なぜカスタマーサクセスが重要なのか?を3つの視点から紐解く

「カスタマーサクセス」と聞いて何を思い浮かべるでしょうか?

初めて聞く人は当然のことですが、「カスタマーサポート」と何が違うのかを説明できないでしょう。しかし一部の識者は著書などを通じて、事業の成長のために「カスタマーサクセスが重要」と発言しています。

そこで今回はカスタマーサポートとの違いに触れつつ、「なぜカスタマーサクセスが重要なのか?」という命題を3つの視点から紐解いてみたいと思います。

カスタマーサクセスとカスタマーサポートの違い

まずはカスタマーサクセスとカスタマーサポートの違いを見ていきましょう。(便宜上ここからカスタマーサクセスをCSとします。)

すでに世の中には様々な定義づけがありますが、ここでは著書「カスタマーサクセス」から以下の引用をしたいと思います。

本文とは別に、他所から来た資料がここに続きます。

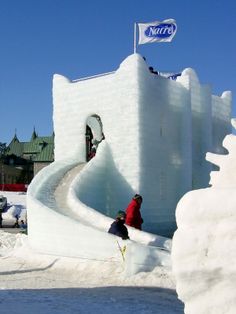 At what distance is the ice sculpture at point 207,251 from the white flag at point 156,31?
16490 mm

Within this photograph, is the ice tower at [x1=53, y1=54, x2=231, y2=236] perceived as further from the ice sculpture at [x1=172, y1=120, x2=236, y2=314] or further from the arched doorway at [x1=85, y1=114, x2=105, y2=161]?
the ice sculpture at [x1=172, y1=120, x2=236, y2=314]

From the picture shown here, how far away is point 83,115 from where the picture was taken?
19.1m

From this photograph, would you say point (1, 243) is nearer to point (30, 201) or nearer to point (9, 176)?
point (30, 201)

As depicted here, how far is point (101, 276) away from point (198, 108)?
12123 mm

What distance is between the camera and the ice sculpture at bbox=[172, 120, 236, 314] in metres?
2.84

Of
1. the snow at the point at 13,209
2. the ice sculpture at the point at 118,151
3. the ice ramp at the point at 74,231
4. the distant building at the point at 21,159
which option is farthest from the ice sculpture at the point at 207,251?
the distant building at the point at 21,159

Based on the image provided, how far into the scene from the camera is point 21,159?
250 ft

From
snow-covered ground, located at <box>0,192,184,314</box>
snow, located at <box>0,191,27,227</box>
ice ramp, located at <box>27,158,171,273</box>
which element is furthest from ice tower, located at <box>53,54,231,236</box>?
snow, located at <box>0,191,27,227</box>

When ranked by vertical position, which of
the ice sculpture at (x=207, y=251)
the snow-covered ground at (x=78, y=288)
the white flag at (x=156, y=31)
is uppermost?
the white flag at (x=156, y=31)

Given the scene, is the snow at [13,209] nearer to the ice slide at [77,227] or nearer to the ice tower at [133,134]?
the ice tower at [133,134]

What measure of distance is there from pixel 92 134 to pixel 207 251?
16860 millimetres

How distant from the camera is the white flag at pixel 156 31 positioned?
18.7 meters

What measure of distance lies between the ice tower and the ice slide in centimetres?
52

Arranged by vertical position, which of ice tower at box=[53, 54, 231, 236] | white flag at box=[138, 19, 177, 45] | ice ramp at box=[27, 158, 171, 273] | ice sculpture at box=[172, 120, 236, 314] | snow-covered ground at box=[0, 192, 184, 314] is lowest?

カスタマーサポートの主な目的は、殺到する顧客の問題に対応することであり、指標は結局「効率」(完了件数/日/担当者)だ。それに対してカスタマーサクセスは、データで予測することで先回りして顧客の困難を回避するものであり、一般的にはリテンション率で測定する。

ここでは指標の話に終始しているようにも見えますが、実はCSとカスタマーサポートの本質的な違いを説いています。

注目すべきはカスタマーサポートが受け身であるのに対して、CSは能動的にアクションを起こしている点です。カスタマーサポートは顧客を主として何かが「壊れた」時に、「直す」というまさにサポートを主業務としています。

しかしCSはデータドリブンで顧客の状況を先読みし、顧客の離脱を回避してLTVを上げるためのアクションをします。両者はattitude(態度,心構え)において大きな違いがあるのです。

なぜカスタマーサクセスが重要なのか?

では冒頭に戻りますが、なぜ昨今CSが重要だと言われるのでしょうか?

・初回購入のみの顧客の減少
・既存顧客からの収益増
・顧客体験/顧客満足度の向上

上記した3つの視点で読み解いていきましょう。これらはカスタマーサクセスを実施することで得られる代表的な3つです。

1. 初回購入のみの顧客の減少

「初回購入のみの顧客」が何を意味するかというと、一度だけの購入で終わってしまい継続的に購入してくれない顧客のことです。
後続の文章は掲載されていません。